Javascript Chatterbot Workshop

Home | The Bot Shell | Programming Your Bot

Programming Your Bot

The process of programming your chatterbot boils down to compiling a list user statements paired with systems responses. The statements and responses are coded using a pattern matching technique known as regular expressions (or regex for short). Regular expressions are ideally suited to handle the ELIZA type reflections we will need to convincingly simulate conversation.

Regex coding is a vast area, but fortunately we can accomplish all of our introductory goals with just a handful of methods.

The important thing to understand about regular expressions is that they enable you to search and process text based on a combination of fixed data and variable data. For example:

"I love New York."

could be coded as a regex and generate a response whenever the user typed the sentence "I love New York." However, we can substitute wildcard symbols for fixed data and give our system considerably more flexibility. Suppose we replaced "New York" in our previous example with the regex pattern ".*" - the resulting new pattern being

"I love .*"

Since ".*" is the regex equivalent of "anything", our new code would not only respond to "I love New York." but "I love ice cream." and "I love you." as well.

Believe it or not, you actually now know enough about regular expressions to write a few statement and response pairs for your bot.

Since a literal statement with no wildcards is a perfectly valid regex,

"I love New York."

could be setup as pattern to match against user input. A suitable bot response to such a statement might be:

"I hear it's a heck of a town - but of course I've never been there!"

To program your bot to make that response, we'll need to add those two regex patterns to data used by the shell.

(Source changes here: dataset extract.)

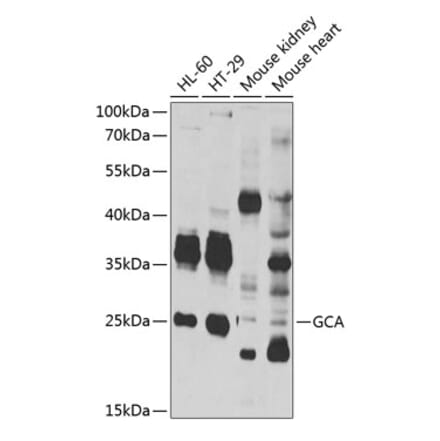 Western Blot - Anti-Grancalcin Antibody (A12070) - Antibodies.com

In the bot shell you will find a section that begins:

//----Data Declarations----

  var convpatterns = new Array ( 

The array which follows contains all of the statement and response patterns that make up the bot personality. The array takes on the general form:

var convpatterns = new Array ( 
    new Array  ("A regular expression to match against the input.","A regular expression to build a reply"),
    new Array  ("Another regular expression to match against the input.","Another regular expression to build a reply")

Each line that begins new Array = contains a statement, response pair. The regex patterns are enclosed in quotation marks and separated by commas. Each line in the array ends in a comma - with the exception of the very last entry in the array which ends with a close parenthesis. To get our new data into the mix, we'll simply add a line in that same format:

    new Array  ("I love New York.","I hear it's a heck of a town - but of course I've never been there!"),

I'd encourage you to take few moments and actually work through the example, editing and saving the code, and then giving it a try to make sure it works. Then pat yourself on the back because you're officially a chatterbot programmer!

Now let's return to the notion of wildcards, and see how we can start to jazz up our bot a bit. In the introduction we discussed a trigger example where the user typed any sentence containing the words "science fiction" and the system responds "Who is your favorite science fiction author?" If you already know something about regular expressions, you'll realize that a regex constructed as "science fiction" would in fact match all sentences containing those words. However, the way the bot shell is setup, we will need always to make regexes that match the entire input. To effect this match we can surround "science fiction" with wildcards thusly: ".*science fiction.*" . The new line for our data array to add this exchange would be:

    new Array  (".*science fiction.*", "Who is your favorite science fiction author?"),

You'll notice if you look at some of the data in the default shell that you can have more than one reply per user statement. In fact you can have as many replies as you want and the reply will be selected at random. This is an excellent way to get a lot of bang for your coding buck, and to get a better natural language simulation. So let's add a couple of additional science fiction responses:

    new Array  (".*science fiction.*", "Who is your favorite science fiction author?",
                         "Have you seen any good SF movies lately?","Some people think I'm a bit far out myself!"),

Our next step will be to write a regular expression that performs the ELIZA style reflection and uses parts of the user input to generate a response. Before getting into the technical side, let's go back and consider the big picture for a moment. Suppose we want to respond to any user input that begins with "I'll never" with a response that begins with "Perhaps someday you will" and then echoes back the phrase entered by the user. So "I'll never see Paris." generates the response "Perhaps someday you will see Paris." and "I'll never get that promotion." similarly generates the response "Perhaps someday you will get that promotion."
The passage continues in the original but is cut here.